With arguably the biggest K-Pop group of the moment (and therefore arguably the biggest group in the world), Blackpink, this is more of a great cultural event than a great song. Gaga doesn’t sound that invested in what she’s singing, but Blackpink’s Rosé and friends are giving it their all. Released just a day before Chromatica, “Sour Candy” will be huge and I’m into that. It does a lot less for the album as such.

6.5/10 butts

“Enigma”

This is the most Gaga-does-Gaga song, and I suspect one of the earliest composed, given that Enigma was also the name of the Las Vegas residency she started in Las Vegas in 2018. It probably sounded great in the show. Here it feels like a commercial.

4/10 butts

“Replay”

It takes a minute of cooler Euro-disco buildup to get there. But the way Gaga’s multiple voices here (some too sincere and some too sarcastic, which is a good mix) parry and dodge perfectly incarnates the lyrics’ instability between a singer being tortured by a lover or by herself. One of the best blends of fun and tension on this album all about that blend. Do what the title says.

8.5/10 butts

“Sine From Above”

It’s objectively not much of a song. But when I hear 34-year-old Gaga and 73-year-old Sir Elton join on this very, very, very, very sincere song about sad childhoods being rescued by music, with its unhinged, house-music-meets-church-choir cadences, and with its strange conceit in which sine waves are also like “The Sign” in the Ace of Bass song—well, I can’t actually resist that.

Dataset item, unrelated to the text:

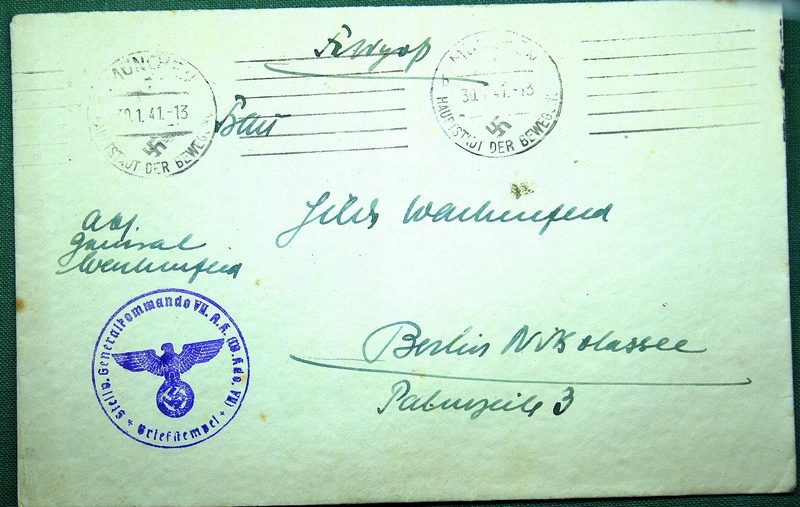 NIEMCY RZESZA NIEMIECKA KOPERTA PO LISCIE Z FRONTU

And then there’s the crazy hyperactive drum outro. Did you know Gaga is the godmother to both of Elton’s kids? Resist if you must, you hollow-eyed husk.

7.5/10 butts

“1000 Doves”

This song is perhaps as sincere as the previous song, but it doesn’t have Elton John, and its sincerity feels so much more aggressively “we’re almost at the end of the album.” There is a really unbearable level of reverb. And one or two doves really would suffice.

-1 butts

“Babylon”

There’s so much wrong here. The pun of “babble on” and “Babylon,” as used by a million hack poets and songwriters before her. The most uninspired Madge ripoff moment of the whole record, a hard-voiced recitative that sounds exactly like the famous “Vogue” rap. There is what I guess might be a Prince tribute in the line, “We can party like it’s B.C.,” which I might not have heard the same way had there not been a “doves” song before it. But it’s so kooky and obliviously tasteless and self-affirming, all in that quintessentially Gaga fashion (it’s mostly a song against gossip, which is an ancient tradition), that … I like it.

7/10 butts

Total butt average for Chromatica, mathematically: 6.3

Instinctive butt rating for Chromatica: 8

Like any good butt, more than the sum of its parts.